Belmont’s community gardens were first established during World War II and known as victory gardens. Victory gardens were part of a nationwide effort promoted by the federal government to ease food shortages and boost national morale. At their peak, they produced up to 40 percent of the fruits and vegetables consumed in the United States during the war.

Belmont’s victory gardens were originally located near the town center on Concord Avenue at the site of the current high school campus. In 1969, the site was earmarked for athletic fields, and the gardens were moved to the Town’s new conservation land at Rock Meadow.

During the 1970s, a time of “back to the land” and “grow your own,” community gardening underwent a nationwide renaissance.  The United States also experienced its first oil crisis, and gasoline and food prices spiked. Community gardens sprang up everywhere, in vacant inner city lots and suburbs like Belmont.

In the 1980s, the oil crisis was a thing of the past, career building replaced gardening, and interest in community gardens waned. By the end of the 1990s, many community gardens across the country had been bulldozed for other uses. The victory gardens at Rock Meadow were protected from that fate, although more and more plots became abandoned. This was partly because they were in conservation land, and partly because they were literally being grown over, like Sleeping Beauty’s castle, out of site from most people except the remaining gardeners.

But around 2003 things began to change, first for Rock Meadow, then for the victory gardens. Deborah Hartman, resident of the Kendall Gardens neighborhood adjoining Rock Meadow, brought together some of her neighbors and other citizens in Belmont to share their concerns about the gradual loss of the meadow to reforestation. They formed a citizens group, the Friends of Rock Meadow, and for two years raised money to help pay for mowing. Then in 2005, they partnered with the Belmont Conservation Commission and raised over $75,000 in matching grants to create a long term management plan.

At about the same time, a surge of interest in the victory gardens began. In spring 2007, there was a threefold increase in applications for garden plots over the previous year; all vacant plots were assigned. In spring 2008, more plots were created to accommodate the demand.
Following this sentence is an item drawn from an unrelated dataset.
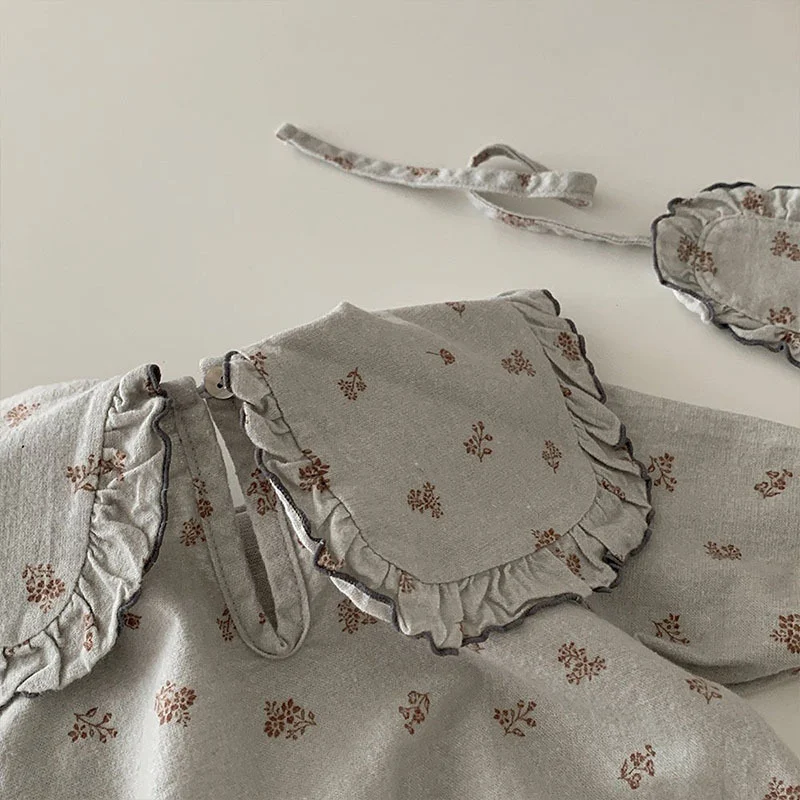 Camisa manga longa com gola boneca floral para bebês Roupa infantil adorável e confortável para festas e uso diário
In spring 2009, there was a waiting list of 50 people and it continues to grow. 

This overview was written by Victoria Thatcher for The Belmont Conservation Commission. The BCC is grateful to the following people for providing information:  Curtis Adams, Richard Betts, Terry Bragg, Deborah Hartman, Mary Trudeau, and Margaret Velie. Thanks also to the Waltham Land Trust for giving us permission to reproduce their map of the Western Greenway.
 

Other Belmont Gardens Open to the Public

Habitat Education Center and Wildlife Sanctuary is a property of the Mass Audubon Society and is located on Juniper Road. The terrace of Habitat's 1914 Georgian-style house leads to formal gardens, a rose garden, and a spacious lawn surrounded by flowering trees and shrubs. The house and gardens are set within an 87-acre wildlife sanctuary of meadows, ponds, and woods.
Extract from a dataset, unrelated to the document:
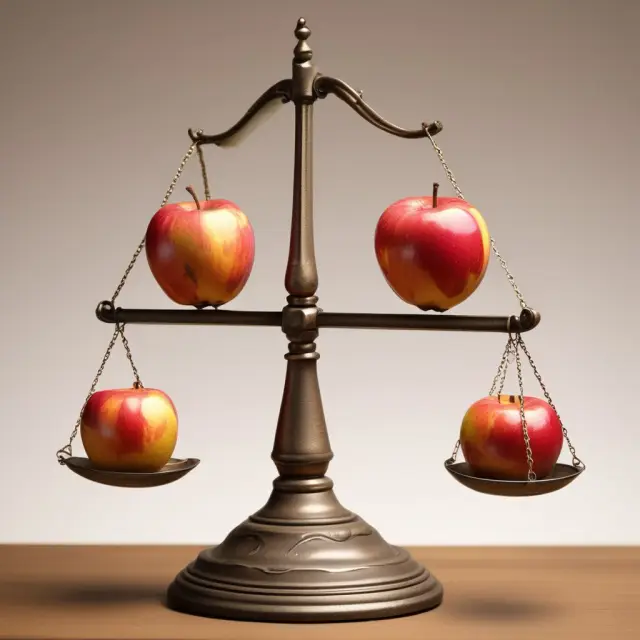 A golden scale tips towards lower capital gains tax rates with a basket of ripe apples representing NUA shares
The Woodland Garden at the Belmont Public Library, maintained by The Belmont Garden Club, is a small woodland garden at the Belmont Public Library on Concord Avenue near the Center. It features native trees, shrubs, and wildflowers and has benches for sitting and relaxing.

 

Resources

American Community Gardening Association has a database of community gardens across the United States, plus many links related to gardening, urban agriculture, and sustainable food.

The Trustees is the largest nonprofit owner of community gardens in Boston, with 56 under Trustees management, totaling 15 acres across eight Boston neighborhoods: Dorchester, East Boston, the Fenway, Jamaica Plain, Roxbury, Mattapan, Mission Hill, and the South End. They help to coordinate activities related to all of the city’s 175 community gardens, touching more than 18,000 individuals and families annually.